[Image-text web data]
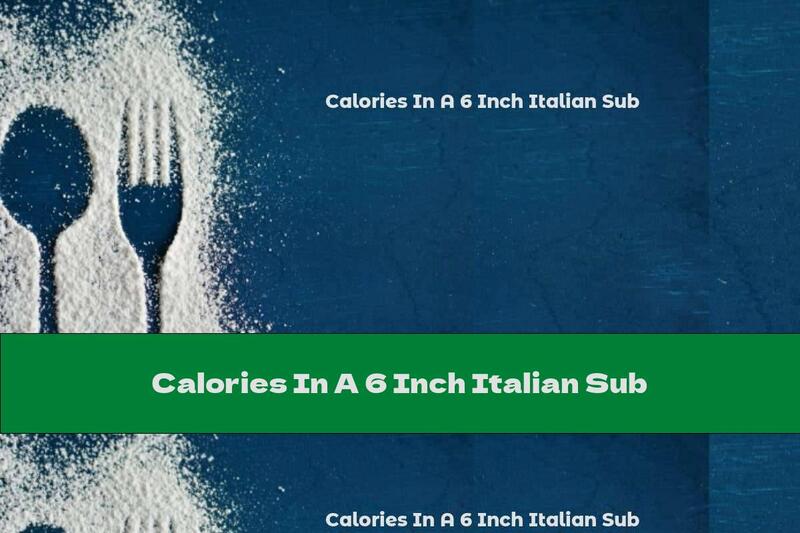 Calories In A 6 Inch Italian Sub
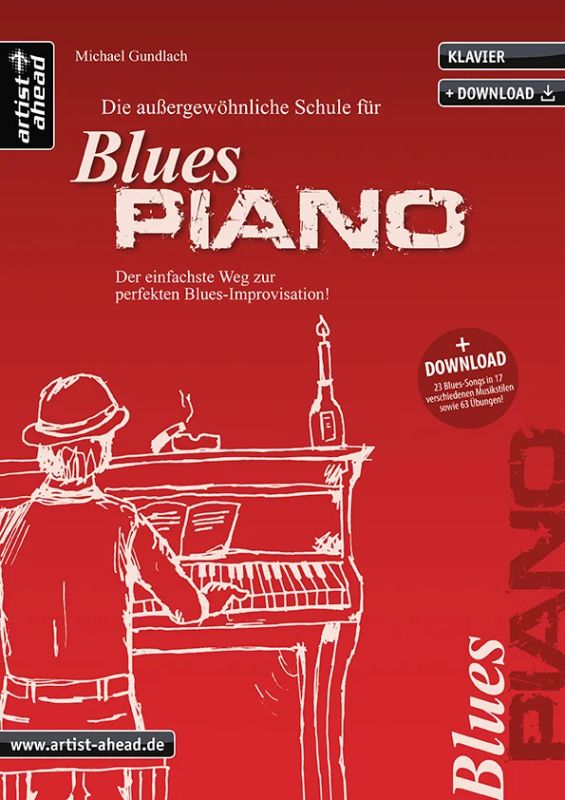 Michael Gundlach - Die außergewöhnliche Schule für Blues-Piano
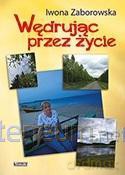Wędrując przez życie - Iwona Zaborowska [KSIĄŻKA]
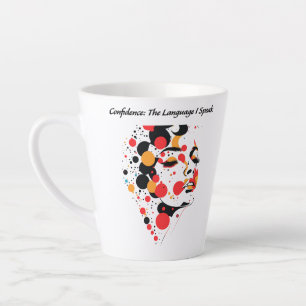 "Confidence: The Language I Speak" inspirational Latte Mug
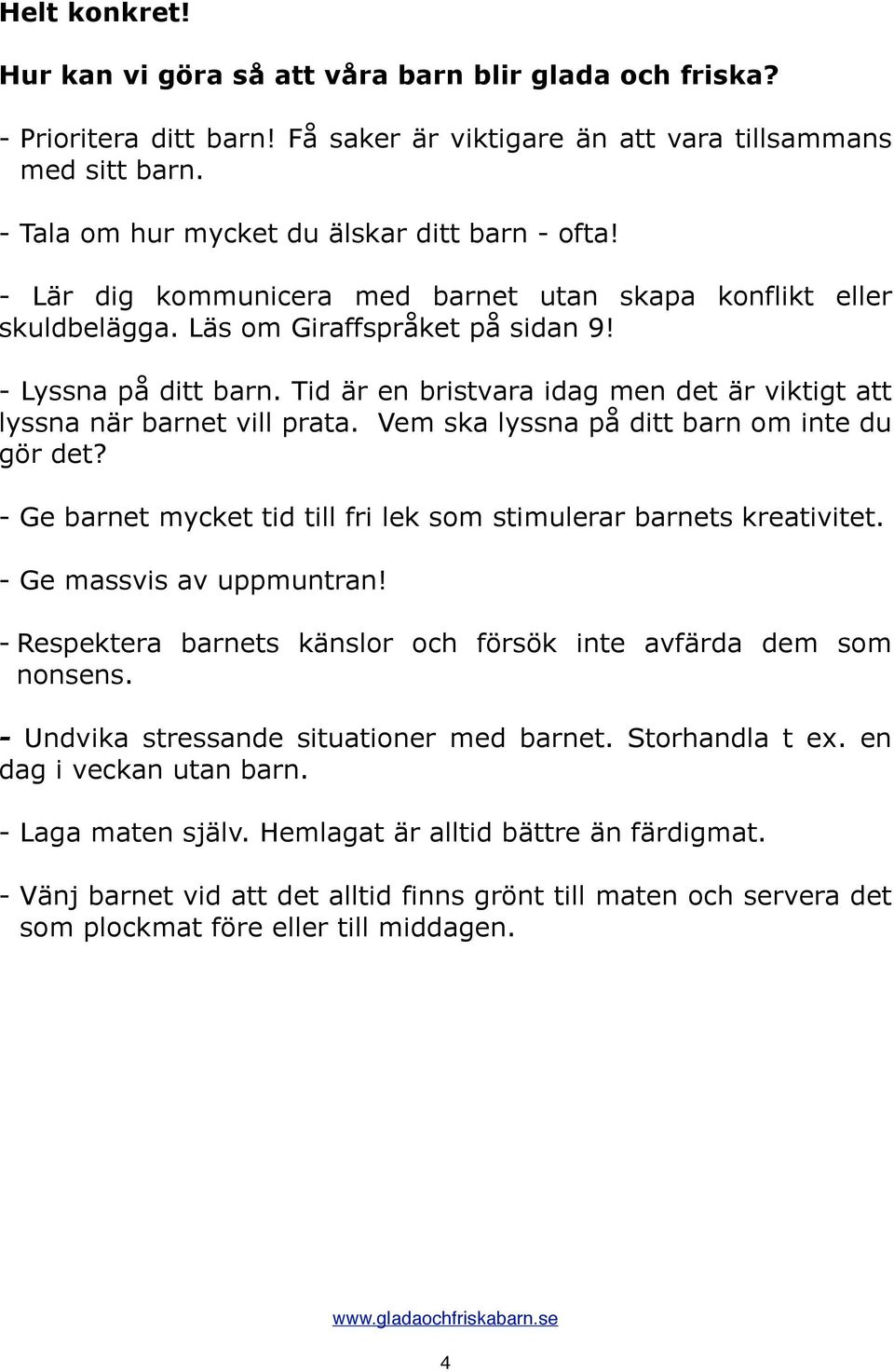 Tid är en bristvara idag men det är viktigt att lyssna när barnet vill prata. Vem ska lyssna på ditt barn om inte du gör det? - Ge barnet mycket tid till fri lek som stimulerar barnets kreativitet.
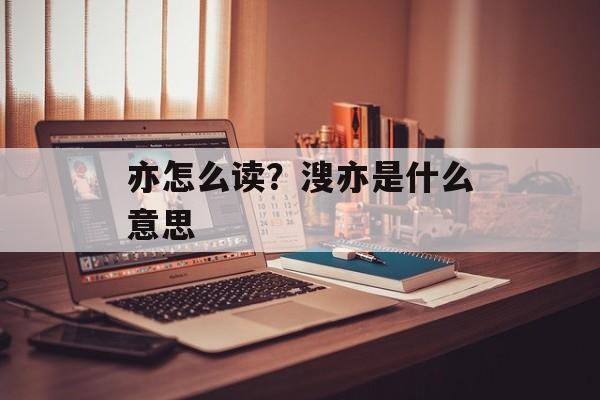 亦怎么读？溲亦是什么意思-第1张图片-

What you should do — Hand back the records above exactly, leaving out every picture.

Response to the task —
 Calories In A 6 Inch Italian Sub
 Michael Gundlach - Die außergewöhnliche Schule für Blues-Piano
Wędrując przez życie - Iwona Zaborowska [KSIĄŻKA]
 "Confidence: The Language I Speak" inspirational Latte Mug
 Tid är en bristvara idag men det är viktigt att lyssna när barnet vill prata. Vem ska lyssna på ditt barn om inte du gör det? - Ge barnet mycket tid till fri lek som stimulerar barnets kreativitet.
 亦怎么读？溲亦是什么意思-第1张图片-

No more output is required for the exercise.